# [Directions for this task]
For this exercise, retype the lines from the one that holds "copy space 113635077" through the one that holds "Long Beach apartment" in the records below, both included, exactly and without pictures.

[Data for this task — start]

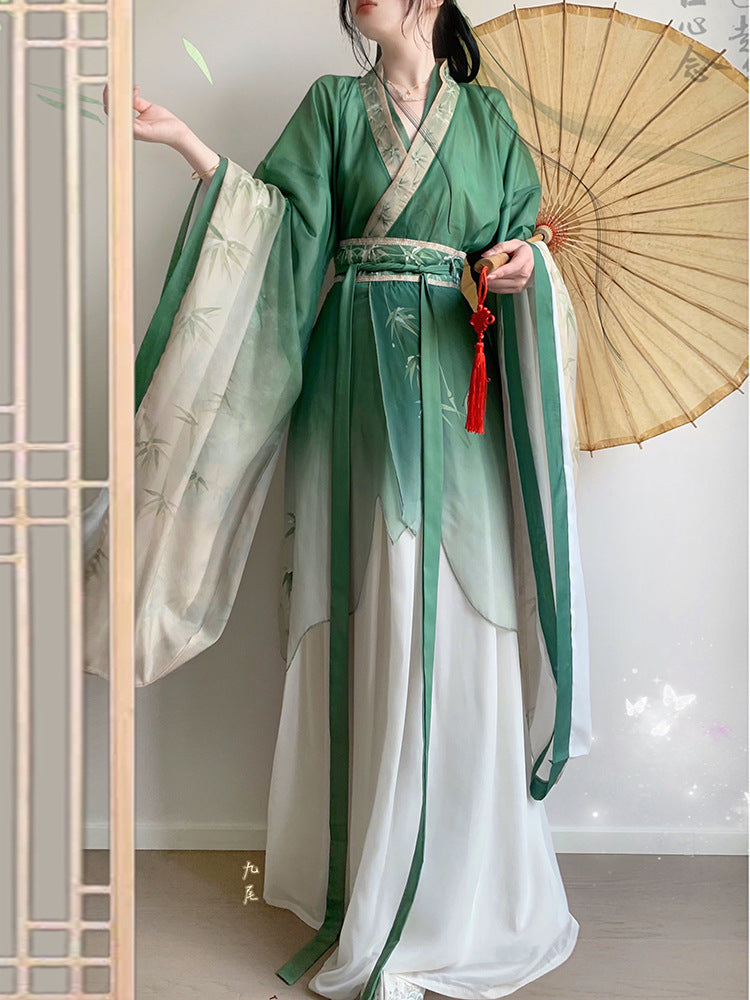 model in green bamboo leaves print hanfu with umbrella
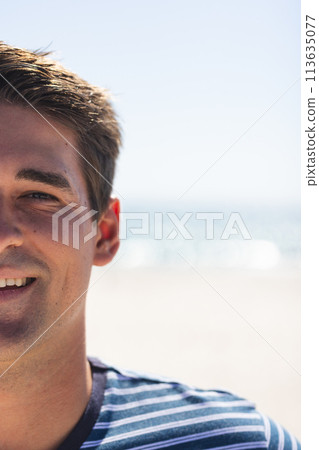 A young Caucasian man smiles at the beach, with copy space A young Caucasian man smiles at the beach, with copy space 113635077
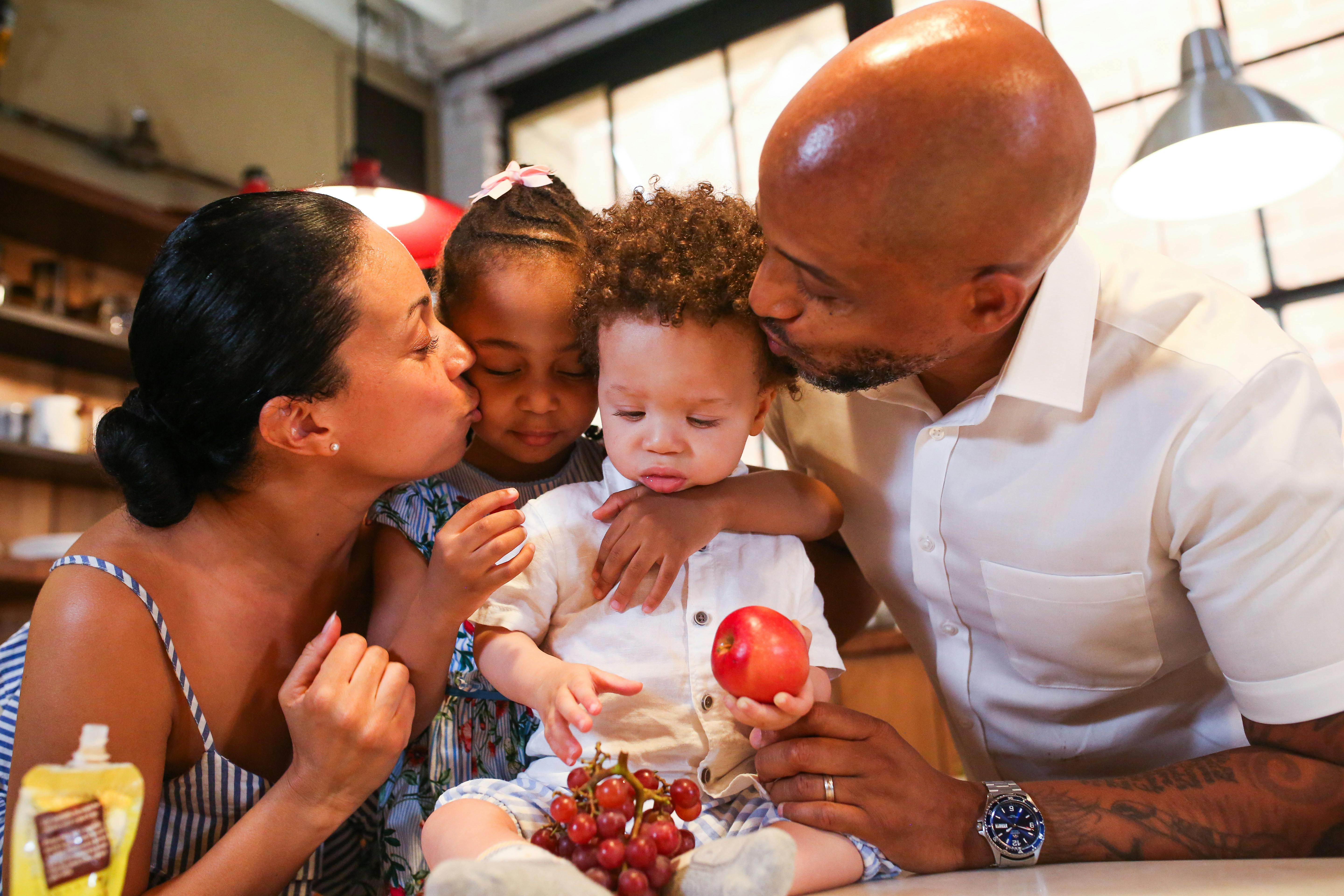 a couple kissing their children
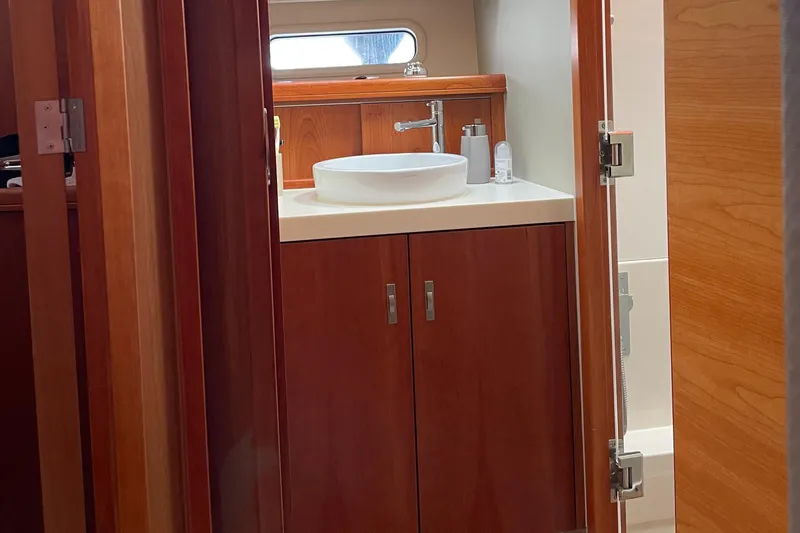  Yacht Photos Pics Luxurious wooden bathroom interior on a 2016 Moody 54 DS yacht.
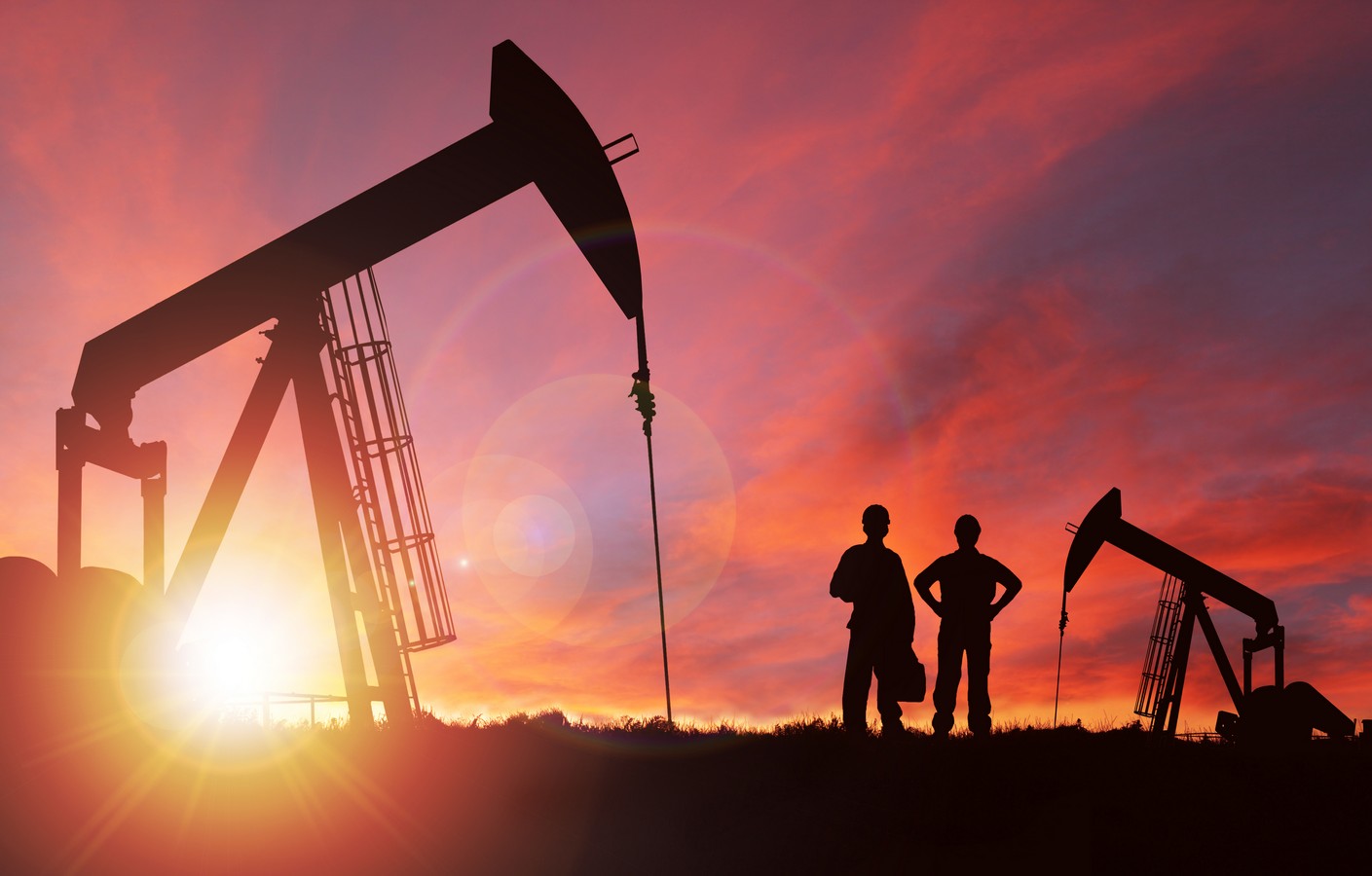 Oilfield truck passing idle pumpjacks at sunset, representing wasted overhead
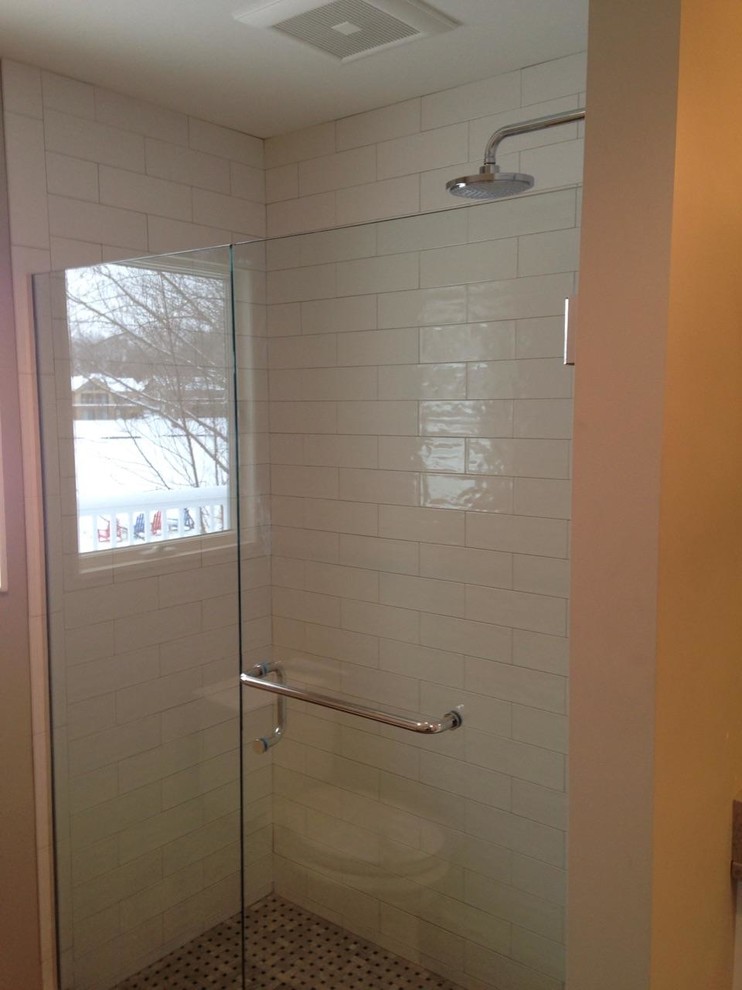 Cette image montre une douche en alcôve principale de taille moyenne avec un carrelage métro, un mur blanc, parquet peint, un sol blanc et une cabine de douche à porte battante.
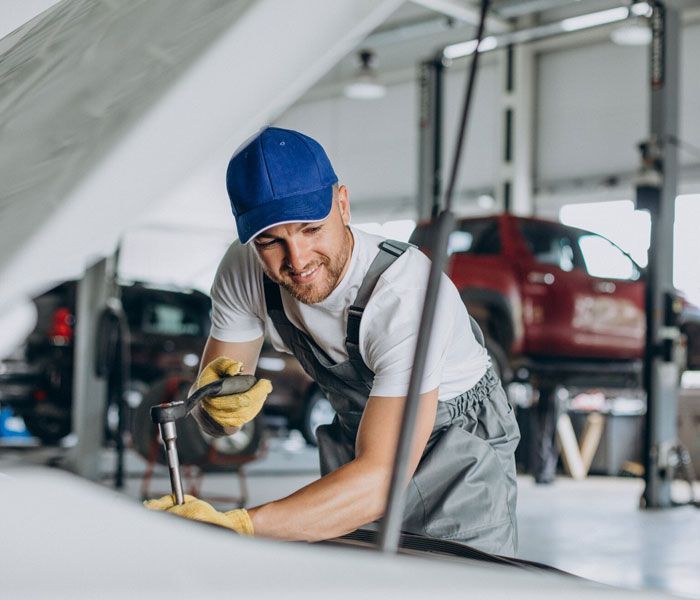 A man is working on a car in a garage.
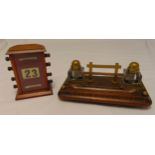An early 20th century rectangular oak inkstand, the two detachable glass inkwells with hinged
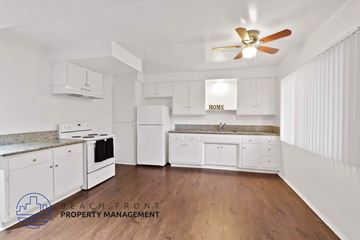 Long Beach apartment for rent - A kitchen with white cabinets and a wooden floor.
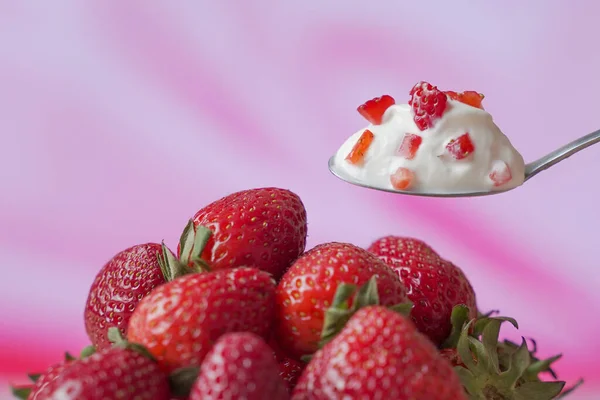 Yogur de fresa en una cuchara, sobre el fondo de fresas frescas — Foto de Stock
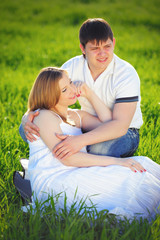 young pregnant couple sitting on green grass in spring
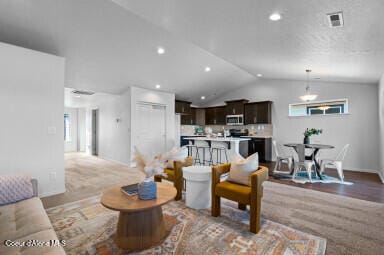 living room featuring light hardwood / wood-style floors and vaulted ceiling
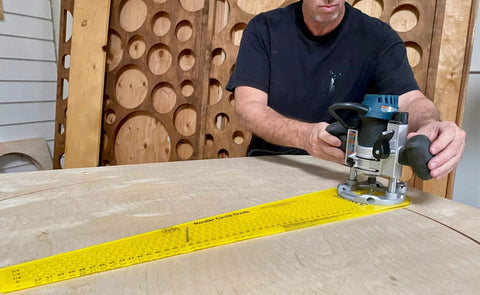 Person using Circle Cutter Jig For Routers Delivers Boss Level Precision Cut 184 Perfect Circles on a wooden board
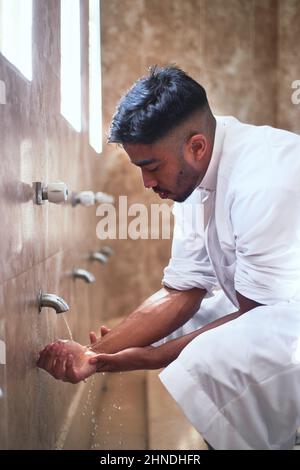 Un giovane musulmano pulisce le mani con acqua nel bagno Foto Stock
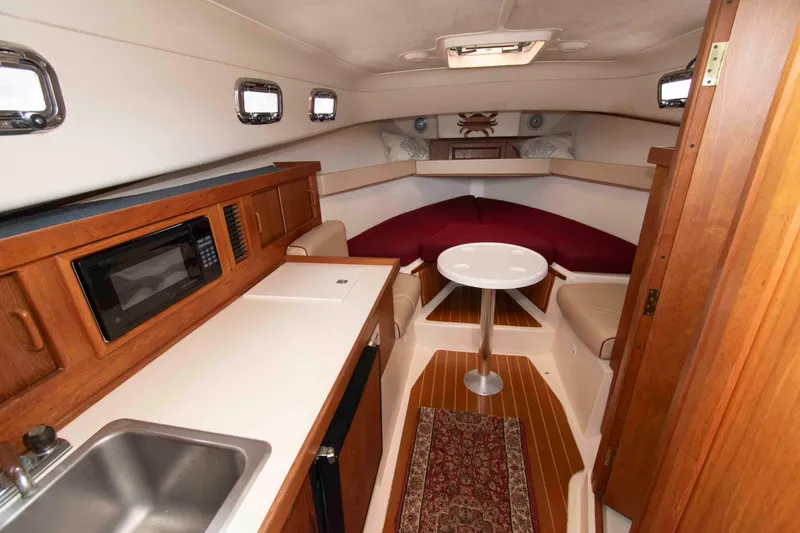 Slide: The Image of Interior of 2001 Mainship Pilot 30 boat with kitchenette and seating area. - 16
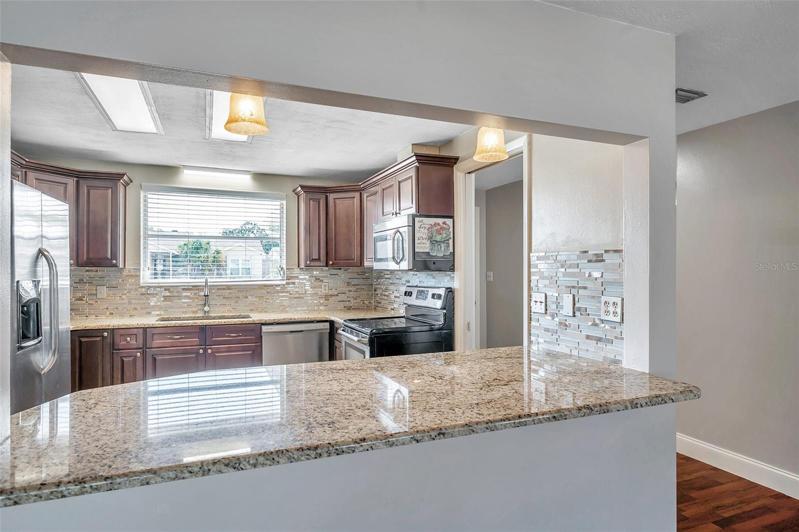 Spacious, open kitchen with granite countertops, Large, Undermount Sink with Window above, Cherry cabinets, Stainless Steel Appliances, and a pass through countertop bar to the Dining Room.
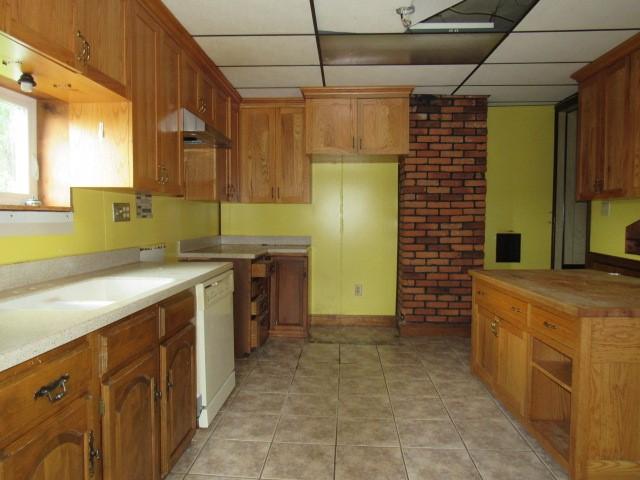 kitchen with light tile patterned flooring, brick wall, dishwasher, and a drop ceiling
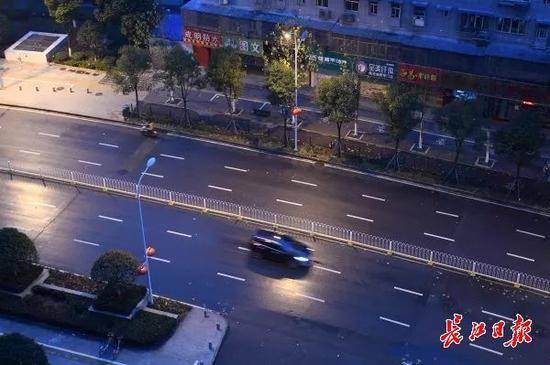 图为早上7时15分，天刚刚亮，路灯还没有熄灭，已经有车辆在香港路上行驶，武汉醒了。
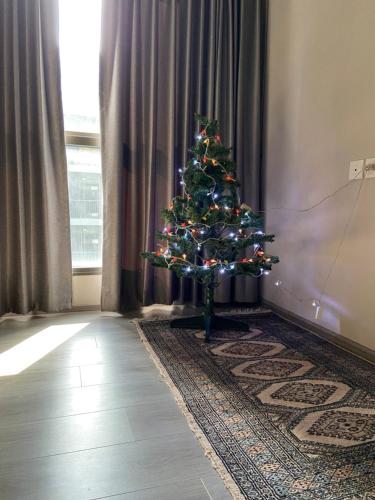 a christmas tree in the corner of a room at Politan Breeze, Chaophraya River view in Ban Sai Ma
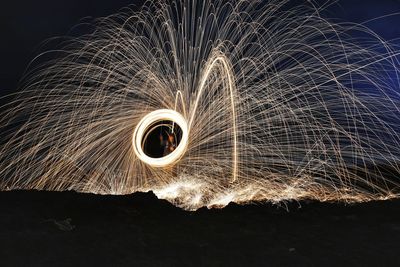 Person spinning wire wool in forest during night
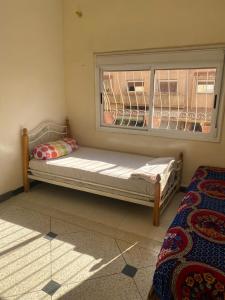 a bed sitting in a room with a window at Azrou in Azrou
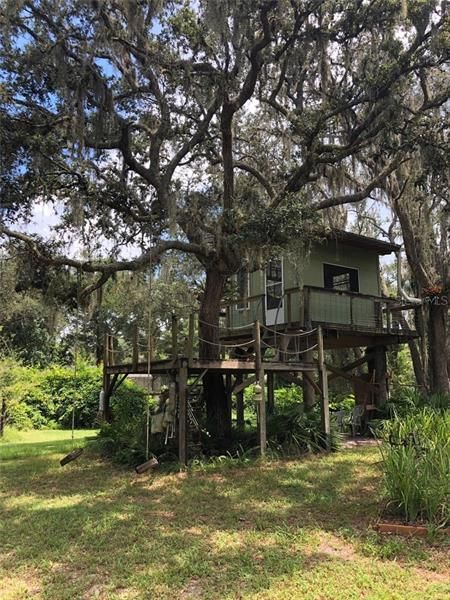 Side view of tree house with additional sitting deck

[Data for this task — finish]

# [Expected output]
 A young Caucasian man smiles at the beach, with copy space A young Caucasian man smiles at the beach, with copy space 113635077
 a couple kissing their children
  Yacht Photos Pics Luxurious wooden bathroom interior on a 2016 Moody 54 DS yacht.
 Oilfield truck passing idle pumpjacks at sunset, representing wasted overhead
 Cette image montre une douche en alcôve principale de taille moyenne avec un carrelage métro, un mur blanc, parquet peint, un sol blanc et une cabine de douche à porte battante.
 A man is working on a car in a garage.
An early 20th century rectangular oak inkstand, the two detachable glass inkwells with hinged
 Long Beach apartment for rent - A kitchen with white cabinets and a wooden floor.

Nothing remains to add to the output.